1999. — À MADAME DU BOCCAGE[1].
À Lunéville, le 21 août.

Mme du Châtelet, madame, a reçu votre présent[2]. Vous êtes deux amazones qui, dans des genres différents, êtes au-dessus des hommes. Orithye fait mille remerciements à Antiope. Pour moi, qui ne suis qu’un homme, et un assez pauvre homme, je suis fier de vos bontés comme si j’étais un Thésée. Vous devez être excédée d’éloges, madame, et les miens sont bien faibles après tous ceux que vous avez reçus. Vous avez mis la fontaine d’Hippocrène au Thermodon. Vous vous êtes couronnée de roses, de myrtes, de lauriers ; vous joignez l’empire de la beauté à celui de l’esprit et des talents. Les femmes n’osent pas être jalouses de vous, les hommes vous aiment et vous admirent. Vous devez entendre ce langage-là soir et matin ; et, si vous n’en êtes pas excédée, si vous voulez que ma voix se mette de concert, vous essuierez de moi quelque grande diable d’ode fort ennuyeuse où je mettrai à vos pieds les Sapho, les Milton et les Amours. C’est une terrible affaire qu’une ode ; mais on m’avouera que le sujet est beau, et que ce sera bien ma faute si elle ne vaut rien. Je suis actuellement à courir comme un fou dans la carrière que vous venez d’embellir. Je me suis avisé, madame, de faire une tragédie de Catilina, et même de l’avoir faite prodigieusement vite, ce qui m’obligera à la corriger longtemps. Ce n’est pas que j’aie voulu rien disputer à mon confrère et à mon maître, M. de Crébillon ; mais sa tragédie étant toute de fiction, j’ai fait la mienne en qualité d’historiographe. J’ai voulu peindre Cicéron tel qu’il était en effet. Figurez-vous le François II[3] de M. le président Hénault : voilà à peu près mon Catilina. J’ai suivi l’histoire autant que je l’ai pu, du moins quant aux mœurs.

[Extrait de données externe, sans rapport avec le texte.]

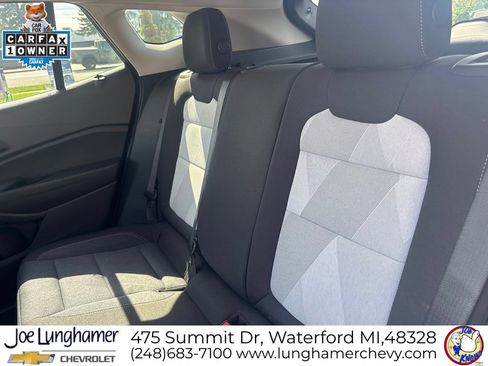 Used 2024 Chevrolet Trax LS w/ LS Convenience Package FWD image 13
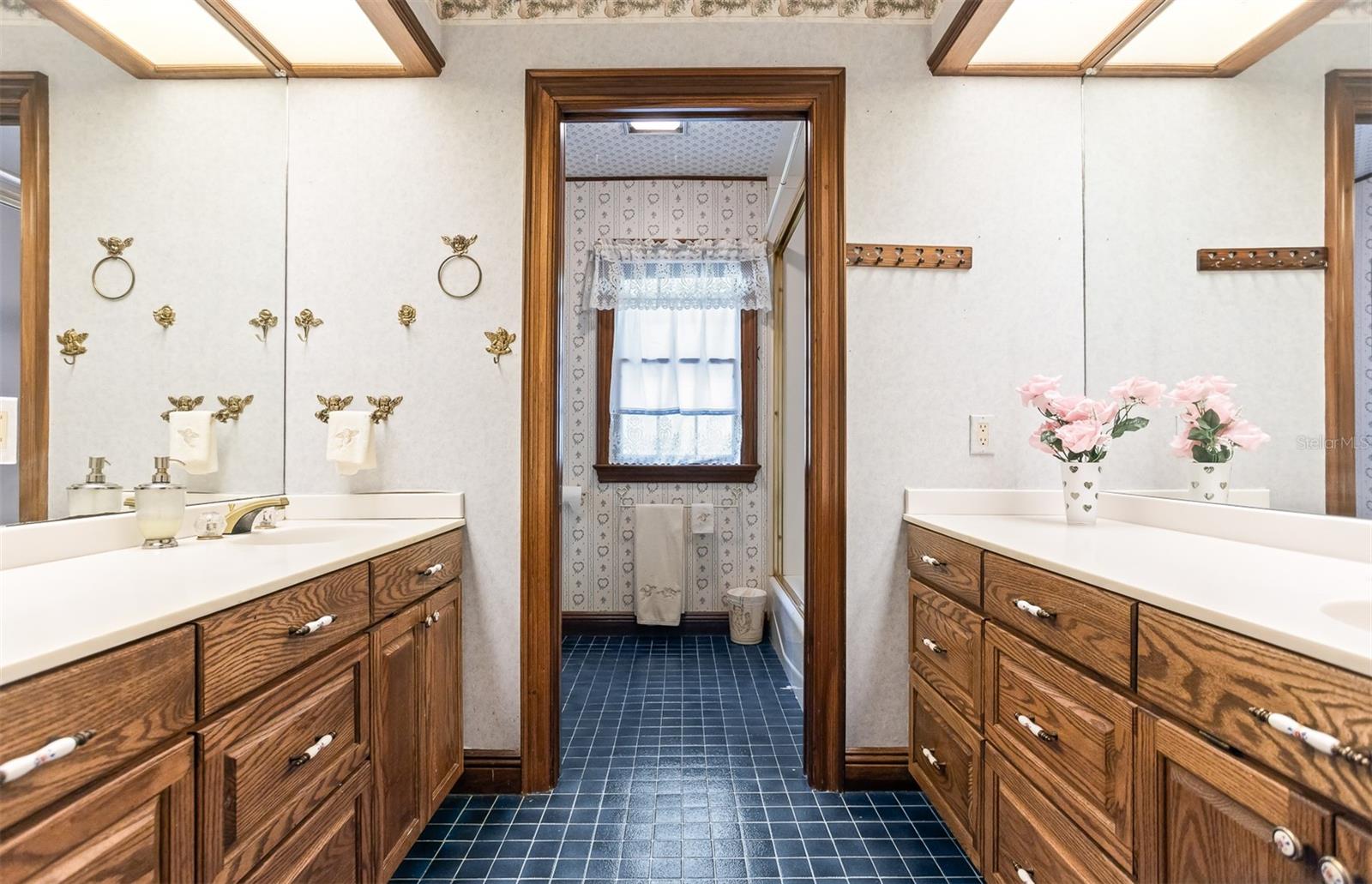 WEDGEWOOD ESTATES - Residential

Je laisse à mon confrère les idées audacieuses, les jalousies de l’amour, l’heureuse invention de rendre la fille de Cicéron amoureuse de Catilina, enfin tout ce qui est en possession d’orner notre scène ; ainsi nous ne nous rencontrons en rien. Dès que j’aurai achevé de limer un peu cet ouvrage, et que j’aurai vaincu cette prodigieuse difficulté de parler français en vers, difficulté que vous avez si bien surmontée, je remonterai ma lyre pour vous, et je vous en consacrerai les fredons ; mais je vous supplie, en attendant, de croire que je suis en prose un de vos plus sincères admirateurs. Je vous remercie très-sérieusement de l’honneur que vous faites aux lettres. Permettez-moi de faire mes compliments à M. du Boccage[4] J’ai l’honneur d’être, madame, avec une reconnaissance respectueuse, etc.

  1. Marie-Anne Le Page, épouse de Fiquet du Boccage, née à Bouen le 22 octobre 1710 ; elle est morte le 8 août 1802.
  2. La tragédie des Amazones.
  3. Titre d’un drame du président Hénault.
  4. P.—J. Fiquel du Boccage, né en 1700, mort en 1767. Il cultivait aussi les lettres.